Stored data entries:
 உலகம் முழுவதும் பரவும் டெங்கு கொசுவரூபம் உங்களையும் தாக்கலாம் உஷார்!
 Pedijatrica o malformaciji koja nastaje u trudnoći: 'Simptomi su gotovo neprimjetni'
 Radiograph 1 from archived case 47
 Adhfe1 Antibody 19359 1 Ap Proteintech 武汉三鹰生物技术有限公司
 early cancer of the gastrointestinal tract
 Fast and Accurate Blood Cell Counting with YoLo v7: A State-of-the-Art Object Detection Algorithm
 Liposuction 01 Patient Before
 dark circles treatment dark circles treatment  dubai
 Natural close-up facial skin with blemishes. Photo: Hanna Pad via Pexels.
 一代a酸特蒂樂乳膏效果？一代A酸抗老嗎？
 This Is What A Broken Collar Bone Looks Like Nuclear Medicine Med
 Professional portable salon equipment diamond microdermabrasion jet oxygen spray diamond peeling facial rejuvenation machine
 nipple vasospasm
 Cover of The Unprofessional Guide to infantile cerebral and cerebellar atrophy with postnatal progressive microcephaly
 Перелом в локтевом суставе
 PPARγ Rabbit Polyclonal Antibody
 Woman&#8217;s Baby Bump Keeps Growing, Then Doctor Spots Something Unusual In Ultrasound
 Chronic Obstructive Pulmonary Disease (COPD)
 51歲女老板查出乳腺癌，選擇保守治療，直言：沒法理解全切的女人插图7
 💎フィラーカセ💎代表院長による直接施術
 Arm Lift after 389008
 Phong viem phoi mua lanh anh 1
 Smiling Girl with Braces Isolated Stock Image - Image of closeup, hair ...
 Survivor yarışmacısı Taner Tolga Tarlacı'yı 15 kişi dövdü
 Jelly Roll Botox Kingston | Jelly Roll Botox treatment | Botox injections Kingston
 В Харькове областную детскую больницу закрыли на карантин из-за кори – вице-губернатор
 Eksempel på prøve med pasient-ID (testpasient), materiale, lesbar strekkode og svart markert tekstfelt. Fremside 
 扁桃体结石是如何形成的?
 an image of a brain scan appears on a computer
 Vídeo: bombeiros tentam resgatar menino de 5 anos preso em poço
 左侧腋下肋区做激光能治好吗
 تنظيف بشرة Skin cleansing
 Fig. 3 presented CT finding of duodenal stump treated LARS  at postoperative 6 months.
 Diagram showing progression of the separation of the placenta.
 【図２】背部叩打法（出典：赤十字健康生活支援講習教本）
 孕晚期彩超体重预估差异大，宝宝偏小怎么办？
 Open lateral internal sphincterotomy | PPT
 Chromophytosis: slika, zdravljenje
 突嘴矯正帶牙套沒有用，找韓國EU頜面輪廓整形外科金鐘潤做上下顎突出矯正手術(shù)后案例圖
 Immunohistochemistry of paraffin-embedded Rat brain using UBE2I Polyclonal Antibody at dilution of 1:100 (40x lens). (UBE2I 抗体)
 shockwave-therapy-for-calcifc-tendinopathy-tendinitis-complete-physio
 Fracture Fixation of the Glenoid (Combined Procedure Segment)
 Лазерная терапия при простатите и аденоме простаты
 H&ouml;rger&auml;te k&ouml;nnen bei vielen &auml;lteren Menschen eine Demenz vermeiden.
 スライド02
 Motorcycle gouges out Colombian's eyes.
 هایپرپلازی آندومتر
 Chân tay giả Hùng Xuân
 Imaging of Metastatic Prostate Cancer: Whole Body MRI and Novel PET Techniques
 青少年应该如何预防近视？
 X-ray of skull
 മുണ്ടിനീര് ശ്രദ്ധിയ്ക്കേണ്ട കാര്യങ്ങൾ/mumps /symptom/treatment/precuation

• The problem: State how many lines of the entries above include the string "facial". The reply is that number alone.

• Output of the exercise: 2